Nárrame el placer de estar contigo Jorge

person Publicado por: Aina Flores profesional de la sexología list En: Relatos eróticos En: comment Comentario: 0 favorite Golpear: 385

Vamos a disfrutar de un ratito a solas con nuestro relato. !Feliç Sant Jordi!

Nárrame el placer de estar contigo, Jorge

El librero le vuelve loca. Hace mucho tiempo que le cuesta disimular que es su debilidad.

Claudia estaba deseando bajar la persiana de la tienda para tener más intimidad. Ya a solas con él, se pasea por entre las estanterías del precioso lugar. Mientras, su librero se acomoda en el gran sillón, sujetando el libro elegido. Jorge siempre le narra sus párrafos favoritos, con esa voz profunda, grave, que hipnotiza a la chica de sueños rotos.

Claudia, al escucharlo recitar, incluso en los textos más oscuros y terroríficos, le nace sentirlo a otro nivel.

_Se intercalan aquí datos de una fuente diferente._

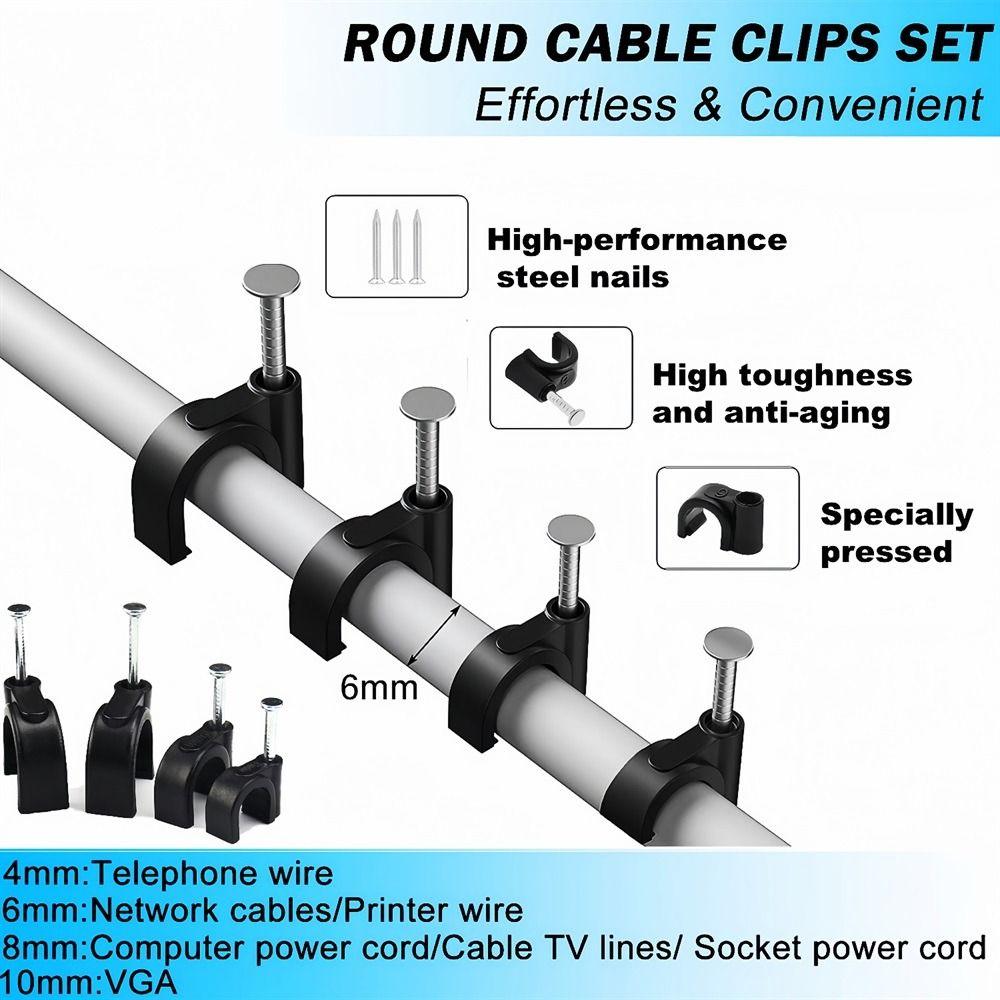 100Pcs/Set Plastic Metal Nail In Cable Clips Black Coaxial Cable Clamp  for Home Office Workshop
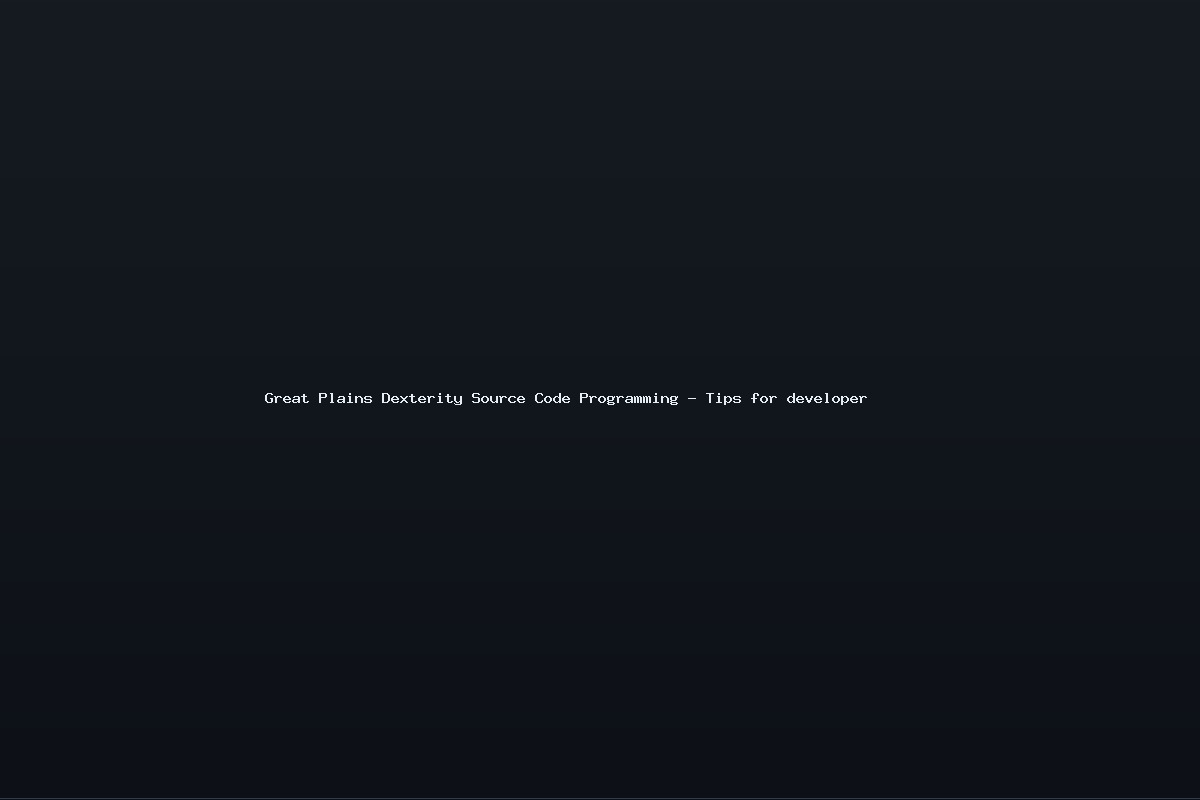 Great Plains Dexterity Source Code Programming – Tips for developer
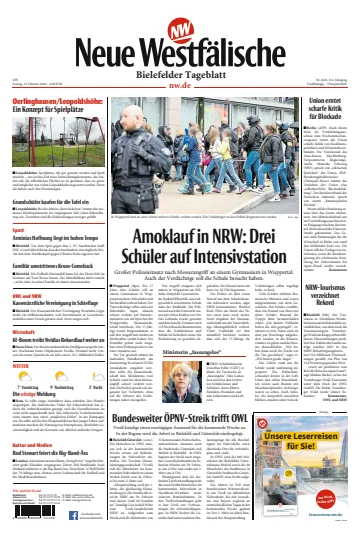 Neue Westfälische - Bielefelder Tageblatt - Bielefeld mit Oerlinghausen - 23 Feb 2024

—¿Qué libro has elegido para hoy? —pregunta Claudia, asomándose por detrás de una de las estanterías.
—Literatura erótica. —Al ver la reacción de la chica, dibuja una sonrisa de lado y baja la mirada a las páginas del libro —. Esta vez será distinto, Claudia. Si tú quieres.

Han compartido la lectura de novelas policíacas, de terror, de fantasía… Pero solo eso.
No ha pasado nada entre ellos, excepto sentir mucha complicidad entre letras.
Se tienen ganas. Acumuladas, más bien. Ya son irrefrenables.
Entre ellos existe una tensión textual y sexual.

—Pensé que podría ser más ¿literal? —Jorge escapa una risa tímida —. Leo un párrafo, otro párrafo, otro y…
—¿Y? —lo apresura Claudia, intuyendo el plan.
—Puedes solo escuchar o, hacer lo que te narre. Cuando aparezca el personaje masculino, si me lo lees tú a mí, puedo reproducir la escena, ante ti.

Claudia se acomoda en el sofá, junto a Jorge.
Empieza a ser la mejor cita que hayan tenido jamás.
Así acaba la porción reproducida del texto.